Problem statement: What is needed is an exact transcription of the line with "Jalapeno Zapotec - Chili pepper 20 semenki" and all the lines that follow it in the entries below; add nothing else.

Short descriptive text snippets:
= Beginning of Section =

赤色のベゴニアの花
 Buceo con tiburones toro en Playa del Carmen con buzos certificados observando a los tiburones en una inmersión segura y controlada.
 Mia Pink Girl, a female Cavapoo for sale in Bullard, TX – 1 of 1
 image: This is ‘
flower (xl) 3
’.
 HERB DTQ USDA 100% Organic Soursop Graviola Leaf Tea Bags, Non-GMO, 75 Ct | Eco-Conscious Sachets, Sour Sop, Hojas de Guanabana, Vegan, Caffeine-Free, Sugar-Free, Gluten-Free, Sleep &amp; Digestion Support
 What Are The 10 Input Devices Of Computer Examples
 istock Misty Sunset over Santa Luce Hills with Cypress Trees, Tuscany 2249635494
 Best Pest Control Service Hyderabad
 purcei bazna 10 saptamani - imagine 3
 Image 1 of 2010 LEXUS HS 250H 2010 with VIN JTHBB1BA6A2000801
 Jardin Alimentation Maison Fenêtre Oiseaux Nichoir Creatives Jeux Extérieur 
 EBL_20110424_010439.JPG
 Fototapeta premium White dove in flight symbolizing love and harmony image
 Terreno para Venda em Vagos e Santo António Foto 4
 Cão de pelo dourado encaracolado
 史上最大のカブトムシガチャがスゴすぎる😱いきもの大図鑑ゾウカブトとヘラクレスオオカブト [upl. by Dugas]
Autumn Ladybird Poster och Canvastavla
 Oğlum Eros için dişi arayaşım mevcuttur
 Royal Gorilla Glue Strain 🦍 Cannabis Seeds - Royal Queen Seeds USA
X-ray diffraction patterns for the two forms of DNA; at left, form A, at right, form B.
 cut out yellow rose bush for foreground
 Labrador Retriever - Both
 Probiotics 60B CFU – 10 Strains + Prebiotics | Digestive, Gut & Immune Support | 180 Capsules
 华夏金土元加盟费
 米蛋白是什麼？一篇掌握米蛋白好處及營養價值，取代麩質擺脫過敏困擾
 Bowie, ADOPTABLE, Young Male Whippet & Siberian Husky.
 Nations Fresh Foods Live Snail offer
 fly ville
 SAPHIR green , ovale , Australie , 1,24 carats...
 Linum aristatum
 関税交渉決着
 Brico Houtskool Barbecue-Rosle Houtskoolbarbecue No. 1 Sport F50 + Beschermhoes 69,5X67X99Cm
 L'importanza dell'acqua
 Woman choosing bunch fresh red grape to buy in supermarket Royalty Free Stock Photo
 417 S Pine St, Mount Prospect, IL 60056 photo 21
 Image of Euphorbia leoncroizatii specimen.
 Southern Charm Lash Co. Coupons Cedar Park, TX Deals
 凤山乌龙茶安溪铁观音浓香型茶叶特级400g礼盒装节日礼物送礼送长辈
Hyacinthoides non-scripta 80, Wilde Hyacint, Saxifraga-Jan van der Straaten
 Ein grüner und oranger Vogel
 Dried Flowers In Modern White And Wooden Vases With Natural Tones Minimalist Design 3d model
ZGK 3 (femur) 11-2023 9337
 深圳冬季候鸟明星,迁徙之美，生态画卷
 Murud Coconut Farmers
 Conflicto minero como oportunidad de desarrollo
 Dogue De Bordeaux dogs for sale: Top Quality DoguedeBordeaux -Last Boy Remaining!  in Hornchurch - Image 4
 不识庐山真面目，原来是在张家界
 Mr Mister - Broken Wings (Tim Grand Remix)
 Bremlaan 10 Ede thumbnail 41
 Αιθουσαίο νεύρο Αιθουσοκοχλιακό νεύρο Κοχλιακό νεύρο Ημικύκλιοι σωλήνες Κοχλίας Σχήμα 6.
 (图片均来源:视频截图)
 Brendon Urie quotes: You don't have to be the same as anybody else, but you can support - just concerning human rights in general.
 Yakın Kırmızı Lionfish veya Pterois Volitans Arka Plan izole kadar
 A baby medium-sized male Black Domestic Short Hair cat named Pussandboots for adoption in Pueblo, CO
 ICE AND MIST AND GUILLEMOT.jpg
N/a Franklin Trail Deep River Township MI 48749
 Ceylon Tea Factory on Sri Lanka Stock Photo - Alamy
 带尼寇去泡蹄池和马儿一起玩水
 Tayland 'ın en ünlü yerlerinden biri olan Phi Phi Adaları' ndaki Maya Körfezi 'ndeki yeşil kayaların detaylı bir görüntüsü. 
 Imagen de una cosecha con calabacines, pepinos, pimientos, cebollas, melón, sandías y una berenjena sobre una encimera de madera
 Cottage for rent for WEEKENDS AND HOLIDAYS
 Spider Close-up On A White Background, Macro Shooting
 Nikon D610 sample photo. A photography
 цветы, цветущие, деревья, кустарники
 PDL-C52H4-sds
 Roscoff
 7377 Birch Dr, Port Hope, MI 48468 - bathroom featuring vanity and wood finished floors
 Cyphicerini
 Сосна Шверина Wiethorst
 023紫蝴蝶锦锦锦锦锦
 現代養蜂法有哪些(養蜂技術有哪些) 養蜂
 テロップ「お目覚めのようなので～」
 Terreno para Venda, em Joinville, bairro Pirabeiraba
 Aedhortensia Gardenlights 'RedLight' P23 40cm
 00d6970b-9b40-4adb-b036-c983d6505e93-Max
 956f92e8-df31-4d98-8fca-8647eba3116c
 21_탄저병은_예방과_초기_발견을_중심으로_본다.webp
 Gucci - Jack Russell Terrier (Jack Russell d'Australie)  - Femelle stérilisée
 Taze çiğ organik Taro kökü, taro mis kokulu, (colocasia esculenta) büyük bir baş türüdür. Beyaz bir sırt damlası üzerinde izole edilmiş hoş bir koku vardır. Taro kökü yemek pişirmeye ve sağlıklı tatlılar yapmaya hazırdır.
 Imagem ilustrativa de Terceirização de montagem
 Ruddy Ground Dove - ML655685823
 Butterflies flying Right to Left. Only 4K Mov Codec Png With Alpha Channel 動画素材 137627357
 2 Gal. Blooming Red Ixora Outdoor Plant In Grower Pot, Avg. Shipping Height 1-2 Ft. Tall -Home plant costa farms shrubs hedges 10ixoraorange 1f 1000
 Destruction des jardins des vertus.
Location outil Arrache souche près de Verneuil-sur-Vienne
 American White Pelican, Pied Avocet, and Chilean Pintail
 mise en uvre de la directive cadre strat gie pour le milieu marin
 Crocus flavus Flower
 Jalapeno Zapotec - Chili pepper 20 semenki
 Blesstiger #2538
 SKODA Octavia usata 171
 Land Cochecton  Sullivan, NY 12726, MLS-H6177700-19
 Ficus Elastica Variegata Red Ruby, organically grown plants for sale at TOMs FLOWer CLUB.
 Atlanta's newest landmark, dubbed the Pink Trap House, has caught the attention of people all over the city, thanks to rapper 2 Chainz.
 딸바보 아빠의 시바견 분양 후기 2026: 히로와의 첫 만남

= End of Section =

Result for this task:
 Jalapeno Zapotec - Chili pepper 20 semenki
 Blesstiger #2538
 SKODA Octavia usata 171
 Land Cochecton  Sullivan, NY 12726, MLS-H6177700-19
 Ficus Elastica Variegata Red Ruby, organically grown plants for sale at TOMs FLOWer CLUB.
 Atlanta's newest landmark, dubbed the Pink Trap House, has caught the attention of people all over the city, thanks to rapper 2 Chainz.
 딸바보 아빠의 시바견 분양 후기 2026: 히로와의 첫 만남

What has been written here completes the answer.